Susan Wojcicki
Tech

Susan Wojcicki

Former CEO of YouTube

Born: July 5, 1968, Santa Clara County, California, USA
Known for: Leading YouTube, early Google employee, Google AdSense and advertising, advocacy for women in tech

Susan Wojcicki was an American technology executive whose career was deeply intertwined with the rise of Google and the transformation of online video. As the long-serving chief executive of YouTube and one of Google's earliest employees, she helped shape the modern advertising-driven internet and became a leading advocate for women in the technology industry.

Early Career and Google's Beginnings

Wojcicki grew up in California, raised in an academic family connected to Stanford University. She studied history and literature before pursuing graduate work in economics and business. Her place in Silicon Valley history was cemented in 1998, when she rented her garage in Menlo Park to two Stanford students, Larry Page and Sergey Brin, who were building a search engine that would become Google. That early connection led her to join the fledgling company in 1999 as one of its first employees and its first marketing manager.

Building Google's Advertising Business

At Google, Wojcicki became instrumental in developing the advertising products that turned the search engine into one of the most profitable companies in the world. She played a key role in creating and growing services such as AdSense, which allowed website publishers to earn revenue by displaying targeted ads, and she was involved in the development of Google's image search and other core offerings. Her business acumen helped establish the revenue engine that funded Google's vast expansion.

Wojcicki was also a driving force behind two of Google's most significant acquisitions. She championed the purchase of the advertising company DoubleClick and, notably, advocated for Google to acquire the video-sharing site YouTube in 2006, recognizing its enormous potential at a time when online video was still in its infancy.

Leading YouTube

In 2014, Wojcicki was named chief executive of YouTube, taking charge of a platform that had grown into a global cultural phenomenon. Under her leadership, YouTube expanded dramatically, becoming central to entertainment, education, music, and news for billions of users. She oversaw the growth of the creator economy, in which independent video makers could build careers and businesses through the platform, and she guided the development of new products and subscription services.

Her tenure was not without significant challenges. She navigated complex and often contentious issues surrounding content moderation, misinformation, child safety, copyright, and the treatment of creators. Balancing the interests of advertisers, regulators, creators, and viewers required difficult decisions, and YouTube frequently found itself at the center of public debates about the responsibilities of large online platforms.

Throughout her career, Wojcicki was an outspoken advocate for greater representation of women in technology and for family-friendly workplace policies, drawing on her own experience balancing a demanding career with raising a large family.
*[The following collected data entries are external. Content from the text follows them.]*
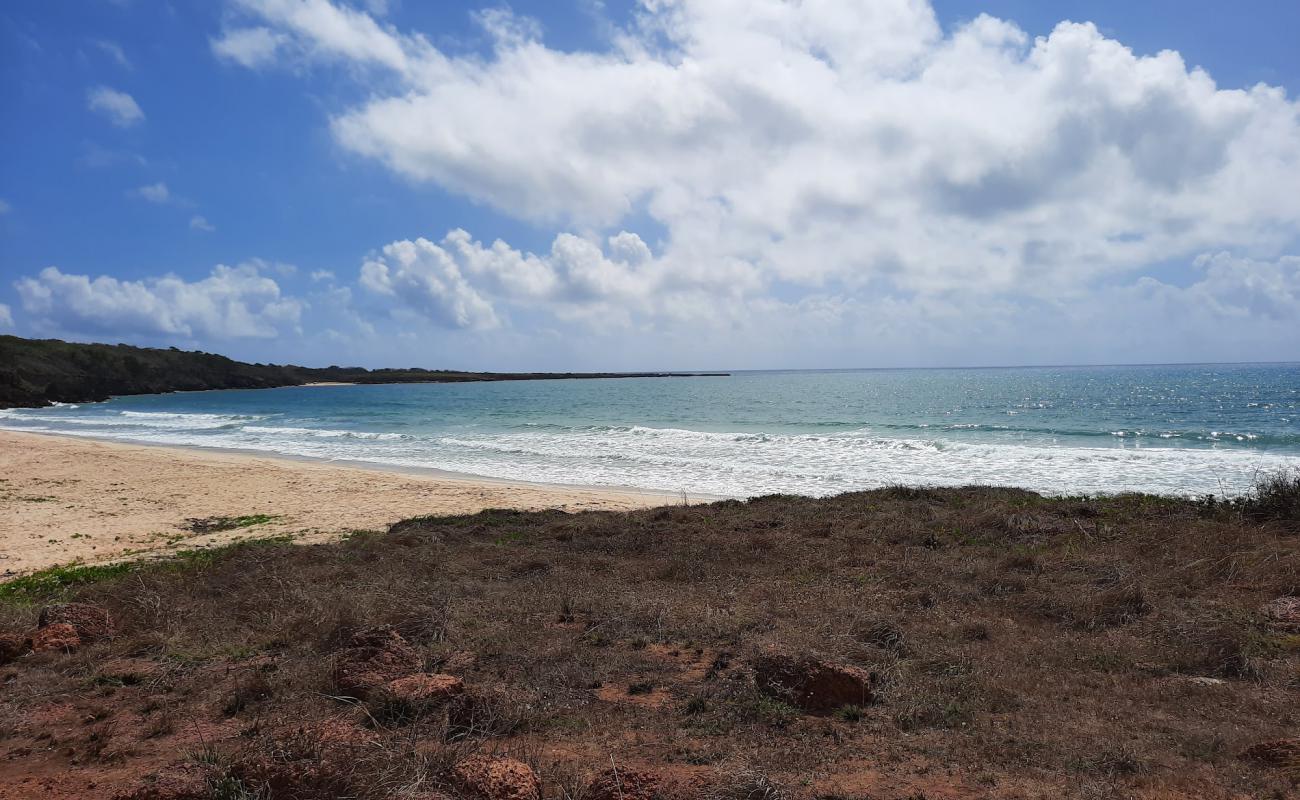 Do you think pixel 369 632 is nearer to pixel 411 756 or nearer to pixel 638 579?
pixel 411 756

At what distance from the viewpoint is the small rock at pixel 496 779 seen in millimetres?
3641

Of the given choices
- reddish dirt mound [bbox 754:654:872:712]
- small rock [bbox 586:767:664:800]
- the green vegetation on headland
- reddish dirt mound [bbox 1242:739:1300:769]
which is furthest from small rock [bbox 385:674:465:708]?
the green vegetation on headland

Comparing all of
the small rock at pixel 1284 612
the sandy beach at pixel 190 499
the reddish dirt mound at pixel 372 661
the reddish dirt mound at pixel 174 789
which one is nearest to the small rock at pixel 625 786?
the reddish dirt mound at pixel 174 789

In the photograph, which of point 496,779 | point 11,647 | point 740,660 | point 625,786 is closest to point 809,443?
point 740,660

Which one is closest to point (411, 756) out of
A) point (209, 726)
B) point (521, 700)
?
point (521, 700)

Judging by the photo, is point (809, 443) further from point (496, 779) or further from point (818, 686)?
point (496, 779)

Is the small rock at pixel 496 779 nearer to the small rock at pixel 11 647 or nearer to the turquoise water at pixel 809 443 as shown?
the small rock at pixel 11 647

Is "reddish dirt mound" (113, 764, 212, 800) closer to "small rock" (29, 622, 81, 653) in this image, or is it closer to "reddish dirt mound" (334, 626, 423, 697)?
"reddish dirt mound" (334, 626, 423, 697)

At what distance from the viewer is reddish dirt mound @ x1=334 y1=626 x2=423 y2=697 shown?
5121mm

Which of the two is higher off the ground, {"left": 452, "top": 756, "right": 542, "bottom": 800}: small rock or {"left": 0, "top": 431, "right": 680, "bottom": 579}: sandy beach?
{"left": 452, "top": 756, "right": 542, "bottom": 800}: small rock

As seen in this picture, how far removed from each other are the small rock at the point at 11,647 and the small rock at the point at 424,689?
13.0 feet

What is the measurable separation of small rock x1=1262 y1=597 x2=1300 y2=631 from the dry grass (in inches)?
5.8

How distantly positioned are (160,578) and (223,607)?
1.59 m

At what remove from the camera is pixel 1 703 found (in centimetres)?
525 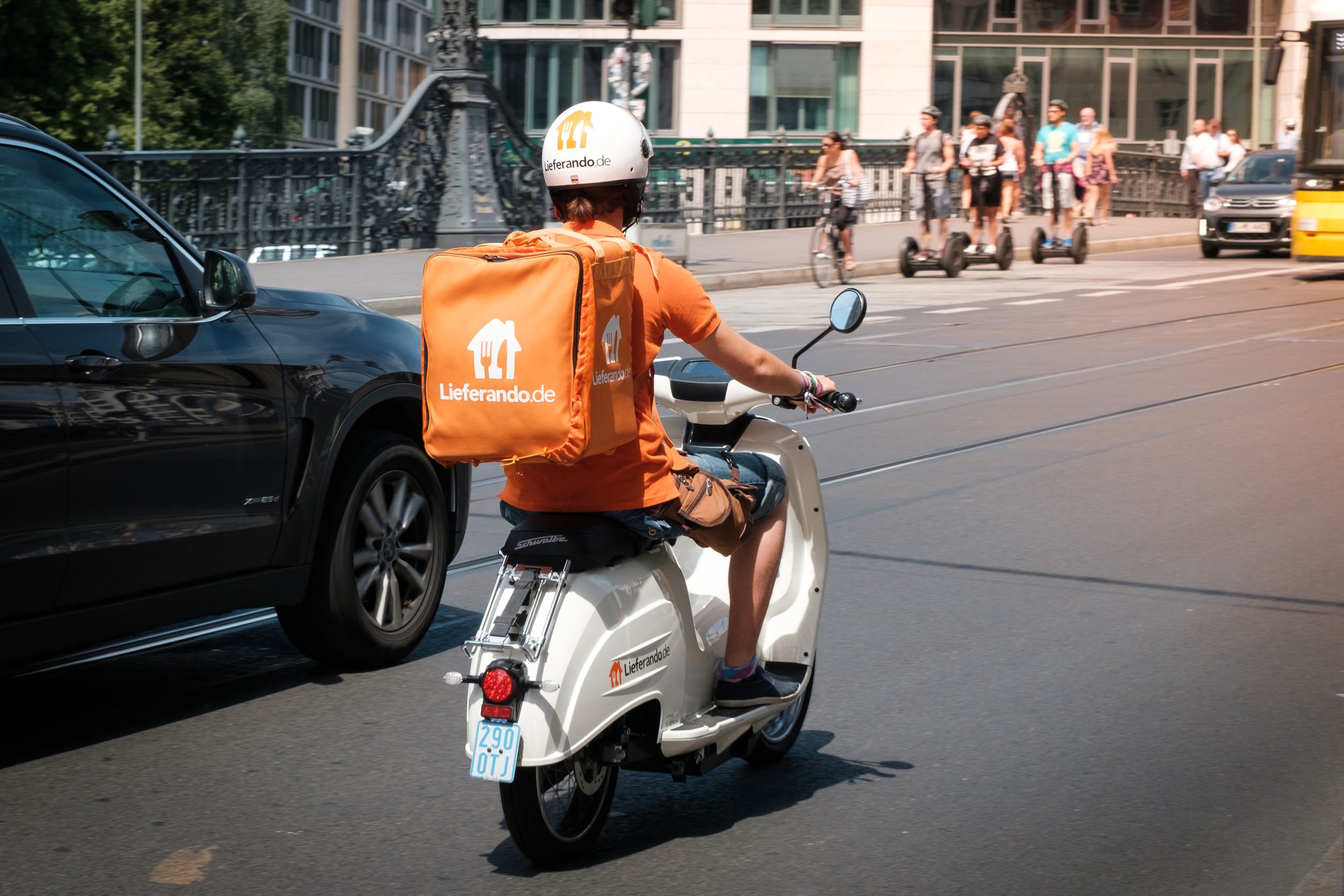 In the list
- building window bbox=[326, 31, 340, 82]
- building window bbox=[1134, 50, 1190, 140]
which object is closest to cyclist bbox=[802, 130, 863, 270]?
building window bbox=[1134, 50, 1190, 140]

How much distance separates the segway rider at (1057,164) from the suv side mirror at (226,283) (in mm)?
21296

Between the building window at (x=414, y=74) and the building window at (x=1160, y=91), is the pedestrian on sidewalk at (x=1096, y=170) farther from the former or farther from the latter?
the building window at (x=414, y=74)

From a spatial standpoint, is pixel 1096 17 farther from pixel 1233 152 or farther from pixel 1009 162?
pixel 1009 162

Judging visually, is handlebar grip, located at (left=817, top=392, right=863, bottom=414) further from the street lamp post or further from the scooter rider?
the street lamp post

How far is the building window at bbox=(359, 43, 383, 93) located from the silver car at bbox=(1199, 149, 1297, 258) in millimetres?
104684

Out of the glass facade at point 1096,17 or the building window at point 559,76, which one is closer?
the glass facade at point 1096,17

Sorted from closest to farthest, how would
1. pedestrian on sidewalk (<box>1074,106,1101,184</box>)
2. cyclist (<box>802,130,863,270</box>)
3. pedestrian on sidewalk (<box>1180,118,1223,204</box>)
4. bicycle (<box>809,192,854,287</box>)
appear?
cyclist (<box>802,130,863,270</box>) → bicycle (<box>809,192,854,287</box>) → pedestrian on sidewalk (<box>1074,106,1101,184</box>) → pedestrian on sidewalk (<box>1180,118,1223,204</box>)

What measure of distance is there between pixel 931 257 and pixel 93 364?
19636mm

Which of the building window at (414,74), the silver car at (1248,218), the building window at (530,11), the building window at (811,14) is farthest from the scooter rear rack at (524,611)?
the building window at (414,74)

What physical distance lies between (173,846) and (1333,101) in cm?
1996

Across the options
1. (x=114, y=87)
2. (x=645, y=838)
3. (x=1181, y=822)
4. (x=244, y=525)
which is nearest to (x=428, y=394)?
(x=645, y=838)

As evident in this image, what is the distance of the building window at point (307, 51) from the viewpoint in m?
117

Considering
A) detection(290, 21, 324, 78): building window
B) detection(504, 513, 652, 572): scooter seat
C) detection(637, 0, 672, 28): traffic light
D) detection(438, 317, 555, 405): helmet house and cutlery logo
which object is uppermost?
detection(290, 21, 324, 78): building window

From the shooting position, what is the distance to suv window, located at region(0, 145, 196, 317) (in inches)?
185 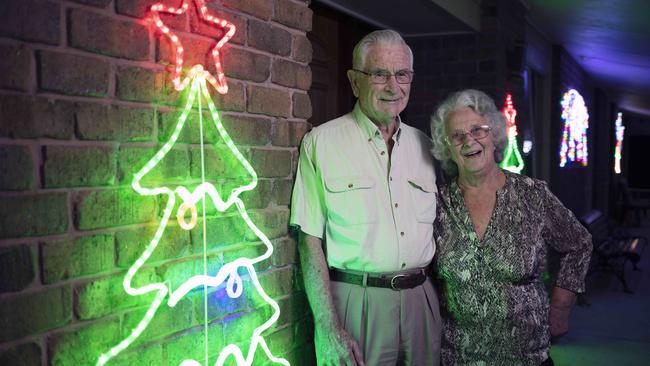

She wrote and spoke publicly about issues such as paid parental leave and the importance of supporting women in male-dominated industries.

Wojcicki stepped down as YouTube's chief executive in 2023 after nearly a decade leading the platform and a quarter-century at Google. She died in 2024 following an illness. She is remembered as one of the most influential executives in the history of the internet, a figure whose work helped define how people advertise, watch, and share video online, and whose advocacy left a lasting mark on conversations about diversity and inclusion in the technology sector.